A friend’s mother once told me, “your mom is the bravest person I know,” and it took me until last month to realize how right she was. My mom faced down her choices so calmly. She had told me, in San Francisco, that she was okay if the worst came, because it wasn’t like her brush with ovarian cancer decades ago: this time, she knew her children would be okay, and it made all the difference to her.
I, for my part, was not brave, much less “okay”. I never cried in front of her, and I rarely did anything but cry when I was away from her. We talked, and I realized that, for the first time in my life, I didn’t know what to say to her. By the end, she slept, and I sat on the floor next to her bed, pricking up my ears when she turned over, and baring my teeth at any noise. For a few days there, I was in danger of going absolutely feral.
But you can’t have the kind of life my mother had without being truly loved by the people who know you.

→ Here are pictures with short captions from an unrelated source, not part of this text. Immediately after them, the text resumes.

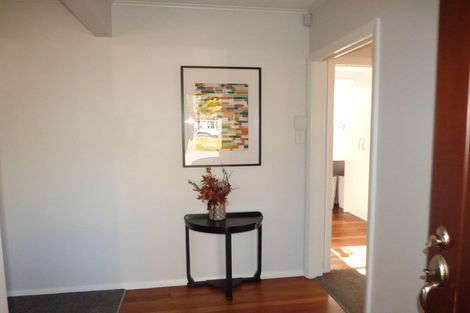 Photo of property in 10 Hudson Street, Riverlea, Hamilton, 3216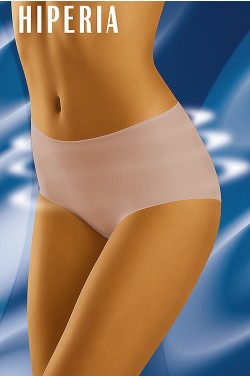 Wol-Bar Hiperia briefs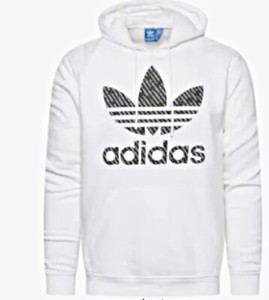 nike gift card amount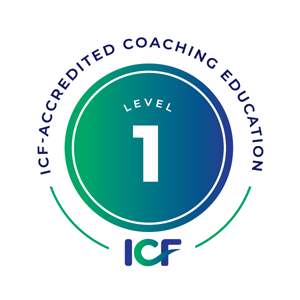 ICF: Accredited Coaching Education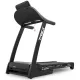 Image 2 for Беговая дорожка Trex Sport TX-900TM TECK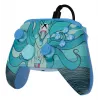 Gamepad Turtle Beach Rematch Advanced Wired 2025 USB Wielokolorowy Xbox One Xbox One S Xbox One X
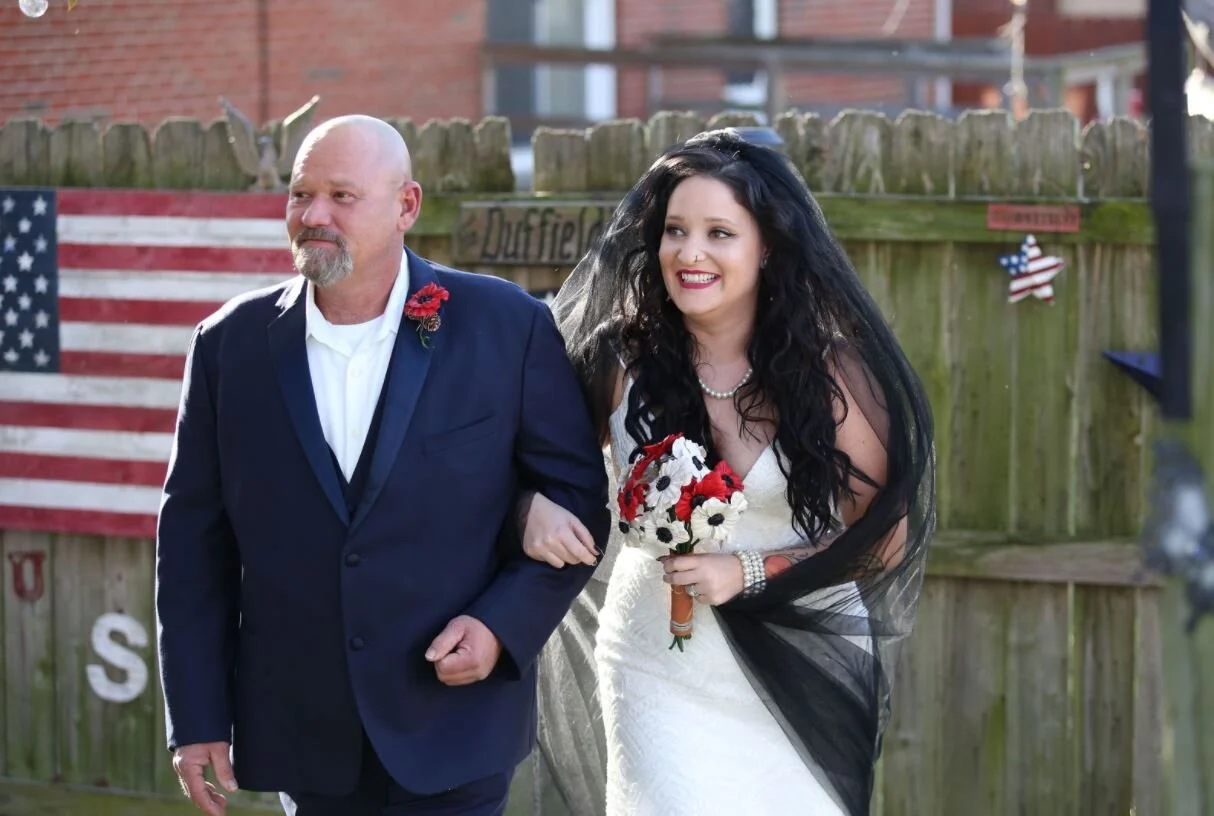eleni walking 2.JPG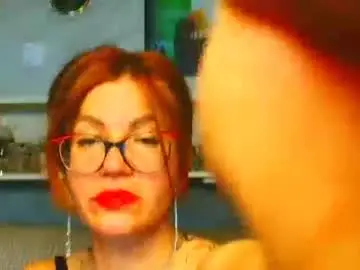 Chaturbate Sex Chat of natali3855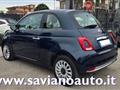 FIAT 500 1.3 Multijet 95 CV Lounge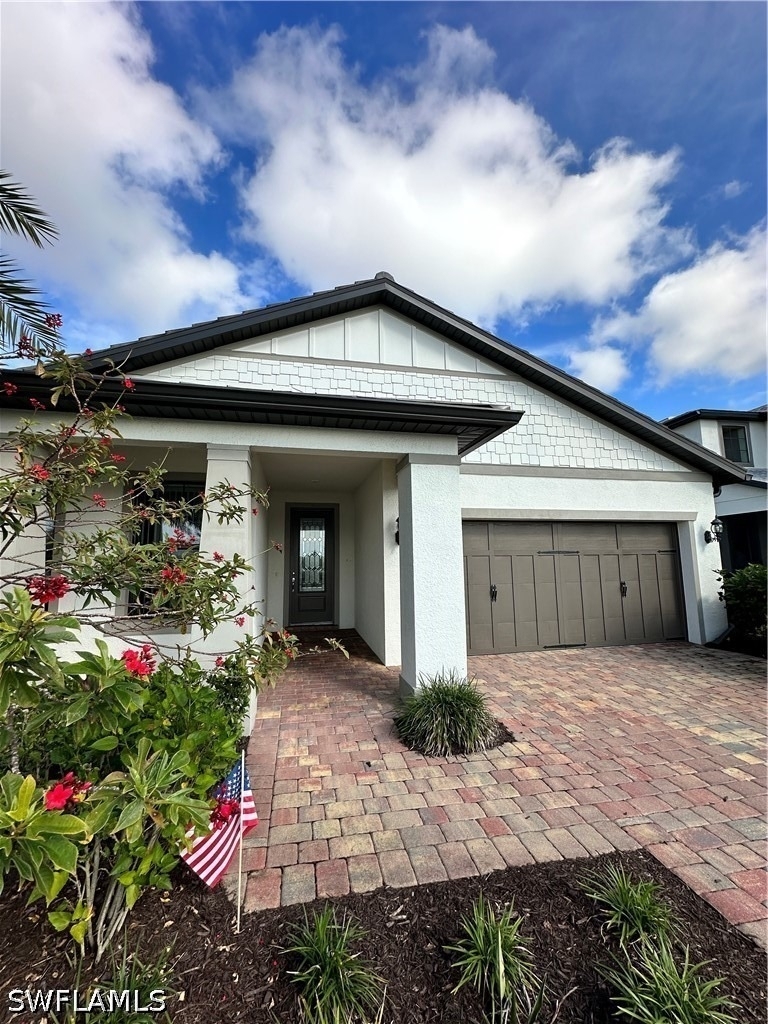 4546 Battlecreek Way - Photo 1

I could have sworn there was no right thing to say, and then your birthday cards started arriving, and I learned that there are a lot of right things to say. I was so humbled by you, by how well you expressed your love, by how well you knew her, from sending her poems by Mary Oliver to mentioning how well Kamala did in the debate. Right when I was really trying to lean into despair, your love was there for us.
You want to know what love looks like? My sister-in-law, calling radiologists and updating Google docs. Who took the next week-long shift at my mother’s side, after I flew home, just as if she was my mom’s third daughter, because she always has been. My dad, who, after being divorced for, like, twenty-five years, took the morning shift at her bedside, reading her David Sedaris and Garrison Keiller.

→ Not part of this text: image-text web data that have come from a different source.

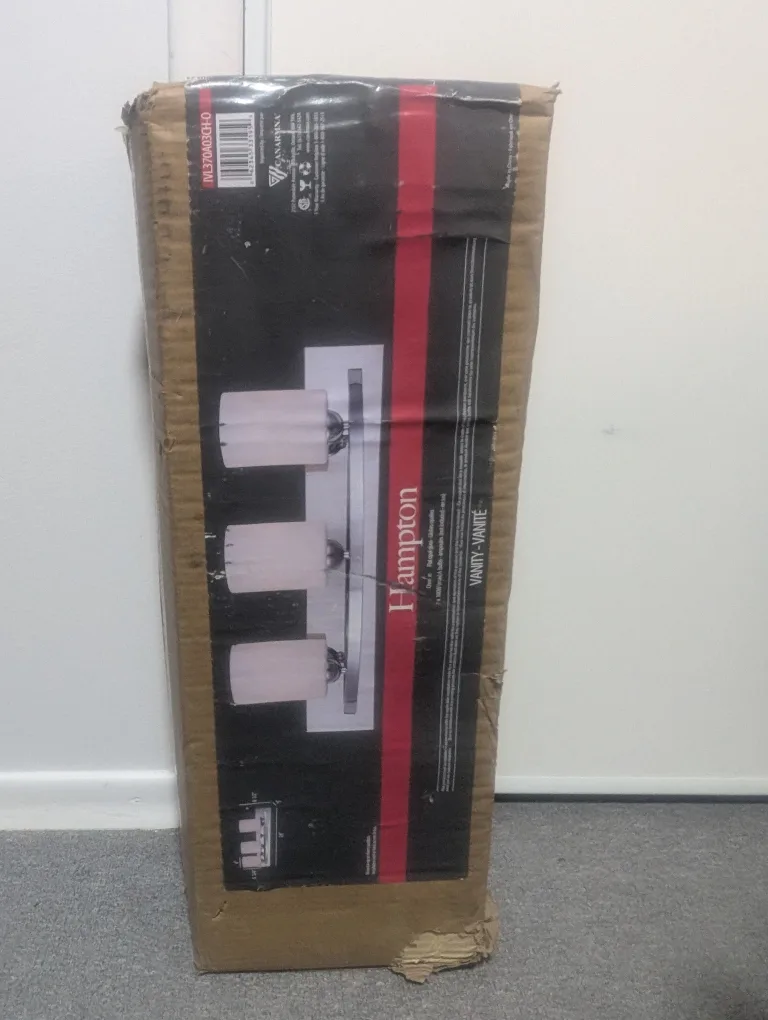 Hampton Vanity Light image indicator(2)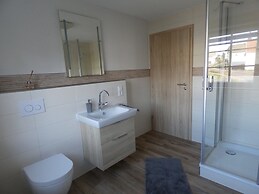 Holiday Home in the Eifel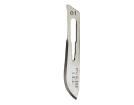 44041 Wire Stripping & Cutting Tools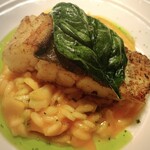 ポンテ ベッキオ - 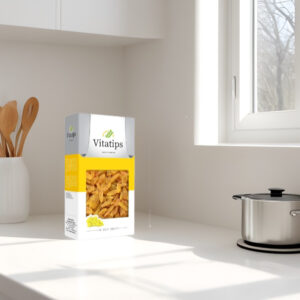 Vitatips – Goldene Rosinen 250 g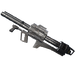 Icon for the Veteran SPNKr.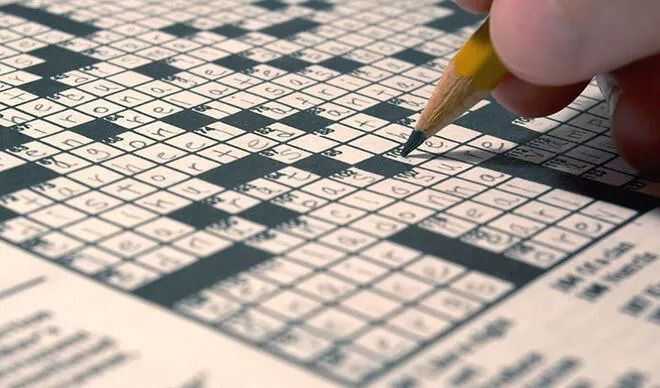 Alzheimere karşı besinler! Bu besinler beynimizi koruyor... - Sayfa 14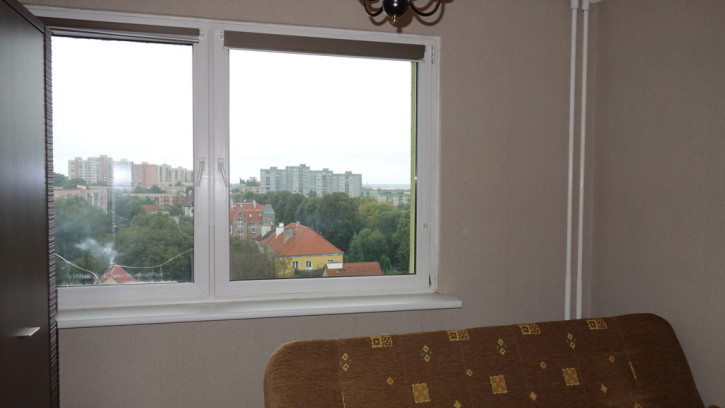 Mieszkanie Sprzedaż Szczecin Książąt Pomorskich Łucznicza 3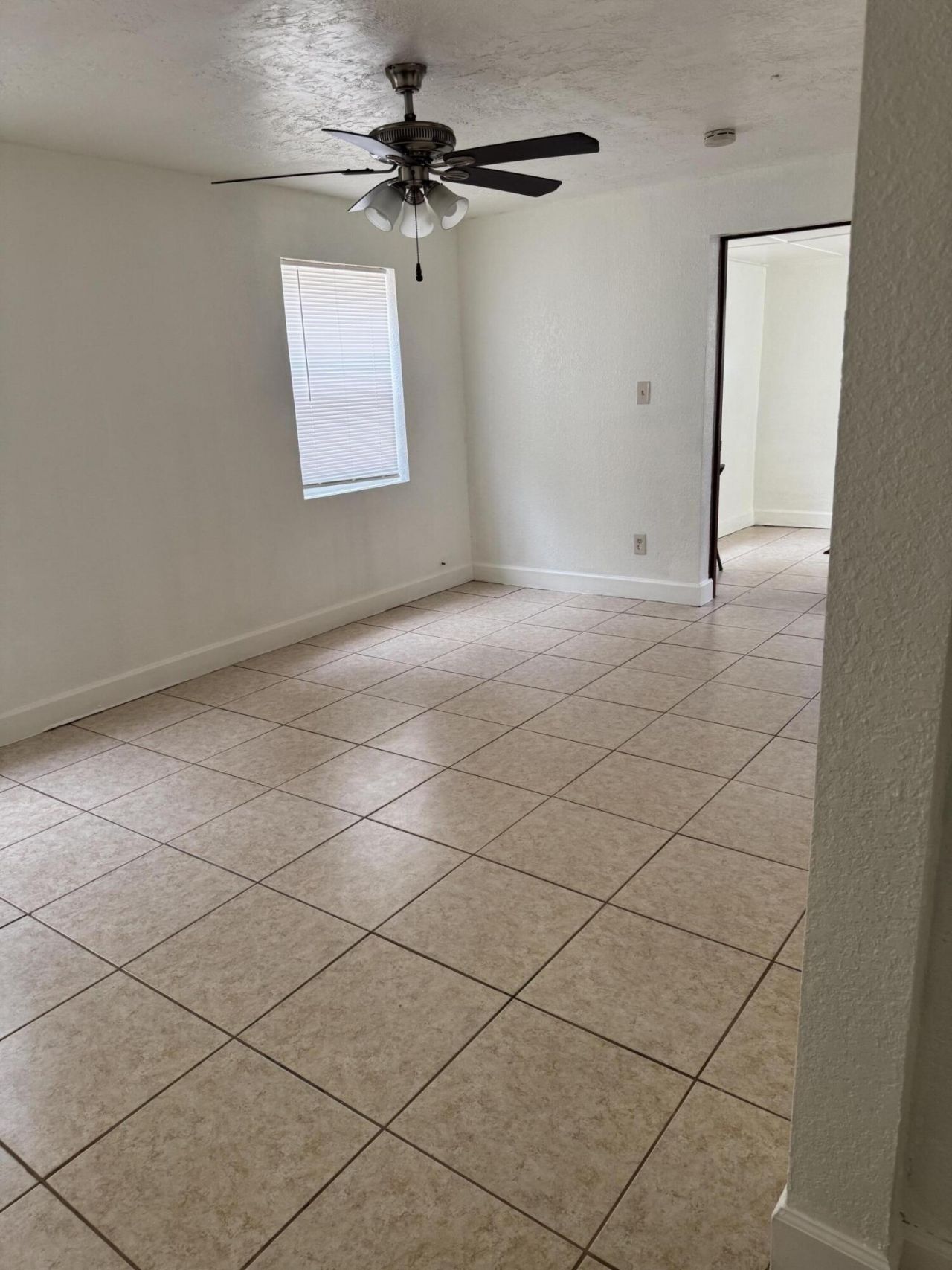 2221 NW 6th Court, Fort Lauderdale, FL 33311 Photo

You want to know what love looks like? My aunt Amy, who helped oversee my mom’s medical information and her son’s black-tie wedding. Simultaneously. And who could always make her smile. Or my aunts Sue and Cathy, who sent music and photos to my mom, and words of comfort and encouragement to me.
You want to know what love looks like? Hayley Chapman Anne Dauterman. My sister was there to coordinate my mom’s care, her bills, her friends, and her cat sitter. My sister, who used every Clinical Psychology trick in the book to help my mom relax. She was indomitable, because she knew that her support made my mom feel safer, and because I lied to you before. My mom is not the bravest person I know, she raised the bravest person I know.

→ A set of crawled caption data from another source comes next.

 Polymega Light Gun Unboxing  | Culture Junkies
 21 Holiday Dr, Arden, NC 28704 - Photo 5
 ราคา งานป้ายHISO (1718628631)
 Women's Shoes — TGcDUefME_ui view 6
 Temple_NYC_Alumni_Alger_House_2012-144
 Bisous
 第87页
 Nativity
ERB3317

In her final days, we read my mom her text messages, playing the songs and showing her the photos you sent, and I loved that I wasn’t the only person who sent her pictures of beautiful flowers. On my last day with her, I played Joni Mitchell’s album “Blue,” front to back, in part to drown out the sound of her roommate’s TV. But her friends had been sending her Joni Mitchell and James Taylor songs for days. Even if I hadn’t been there, she would have gotten the right lullaby.
I kept wanting to fall apart. I kept wanting to feel lost and alone. But you jerks wouldn't let me, because you loved my mother so well that it made me downright joyful. My mom had a particular way of loving things, and it has been the surprise of my life, to feel that kind of love, coming from every person, in every direction, right when I was certain I would never feel it again. I know that my mom taught me how to love like that, but I wonder if maybe she taught all of us.
Nancy Dauterman was my mother, and I just loved her so much. And she just loved you so much. And I am so, so glad that you got to be loved by a person like her. Thank you.